Сзади раздался тихий смех, это нянечка пришла в себя, и сейчас наслаждается бесплатным представлением. Мы прекращаем спор и недоуменно смотрим на нее.
— Самое слабое место…, Макаренко ему приглянулся…, ой, не могу — клоун в цирке.
А нормально спецы живут, даже мне выделили отдельную комнатку в восемь квадратных метров. И это на фоне тотального дефицита нормального жилья, многие еще в бараках живут, без всяких удобств, а в коммуналках семьями по семь человек в комнатах ютятся передовики производства. Однако радость моя оказалась преждевременной, во-первых: дом был деревянный, а стены оштукатурены, можете себе представить штукатурку по дереву? Во-вторых: к стенам прикасаться категорически не рекомендовалось, так как они были не крашены, а побелены. Ну и на закуску, в-третьих: отделочный ремонт этого жилья делался давно, лет десять назад, еще при строительстве рабочего поселка, так что выглядело все очень неприглядно.
Да уж, отвык я от такого вида жилых помещений, все больше на отделку помещений двадцать первого века ориентировался. Особенно меня возмутило, когда увидел туалет. Так-то я понимаю, время такое, поэтому ничего удивительного в том, что унитаз выглядит не очень презентабельно, но все же, это же не коммуналка, а отдельная квартира, уж стоило бы немного постараться и хотя бы трубы покрасить. Вот такие дела. Интересно, а метлахская плитка в продаже в это время имеется? А вот ванны нет, только железная оцинкованная раковина, которая гремит под струей воды как барабан в оркестре. Вот тебе и быт тридцатых годов, мне к такому долго придется привыкать.

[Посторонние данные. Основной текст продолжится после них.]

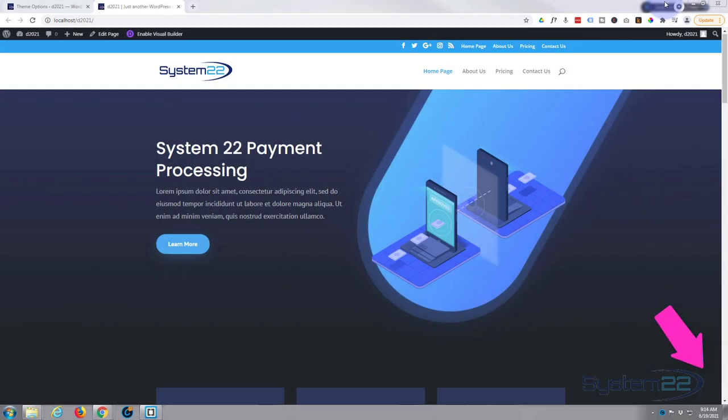Hi guys and welcome to another Divi themed video. This is Jamie from System 22 and Web Design and Tech Tips. We had a question, it's a pretty common question, and somebody was asking how to float the social media icons up here to the left and have the secondary menu on the right.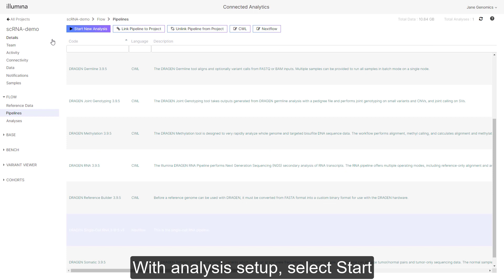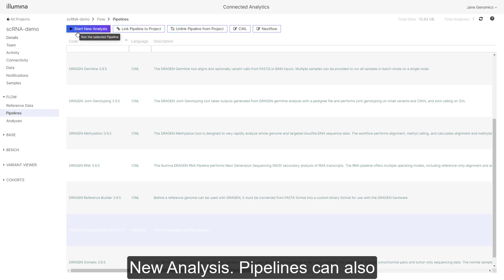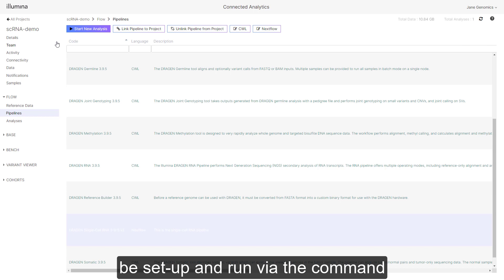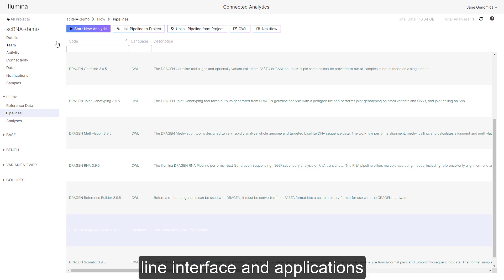With analysis set up, select start new analysis. Pipelines can also be set up and run via the command line interface and applications program interface if desired.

Кухня тоже чистотой не блещет, привычной электроплиты нет и в помине, а газовую плиту заменяет керогаз, с наклоняемой керосиновой емкостью. Холодильником тоже не пахнет, поэтому все продукты хранят в продуктовом шкафу, ну и в ящике для овощей. Отопление в квартире печное, если посмотреть план, то печь располагается так, что две комнаты получают свою долю тепла наравне с кухней. А вот для отдельной маленькой комнатки, ничего нет, тепло если и поступает, то только через коридор при открытой двери. Вследствие этого возникает вопрос, стоит ли мне упираться и делать ремонт, если совсем скоро отсюда придется съехать? Но размышлять долго не пришлось, а чего здесь думать, дашь один раз себе послабление, второй, и скатишься до такого же состояния. Ремонт всей квартиры делать не буду, долго и тяжело, а вот свою комнатку и туалет сделать не так уж и сложно. Надеюсь, денег на это благородное дело мне не пожалеют?
Впрочем, у меня сейчас другие заботы, надо срочно отъедаться и подтягивать свое физическое состояние до нормальных кондиций. С питанием проблем, думаю, не будет, а вот с физическим состоянием есть трудности. В тридцатых годах никто по дорожкам в парках не бегает, и во дворе физкультурой не позанимаешься, не понимают еще здесь такого. Можно, попробовать под спортсмена закосить, на стадионе никто приставать не будет, но на беду находится ближайший в двух километрах, так что о регулярных занятиях придется забыть, но как один из вариантов подойдет. Есть еще городок НКВД, тот близко расположен, но как раз там светиться не стоит, для всех я хилый и убогий, таким и должен оставаться.
— Иосиф Израилевич, мы не можем просто так взяться за выпуск зубчатых венцов, — пытался убедить директора завода инженер Горшков, — нужны специализированные зуборезные станки, а мы планируем делать детали на обычных долбежных станках. Мало того, что получим очень низкое качество, так и долбить придется только на трех станках, и на каждый венец будет уходить от трех до четырех часов. Установка еще трех станков, которые записаны в плане, проблемы не решит.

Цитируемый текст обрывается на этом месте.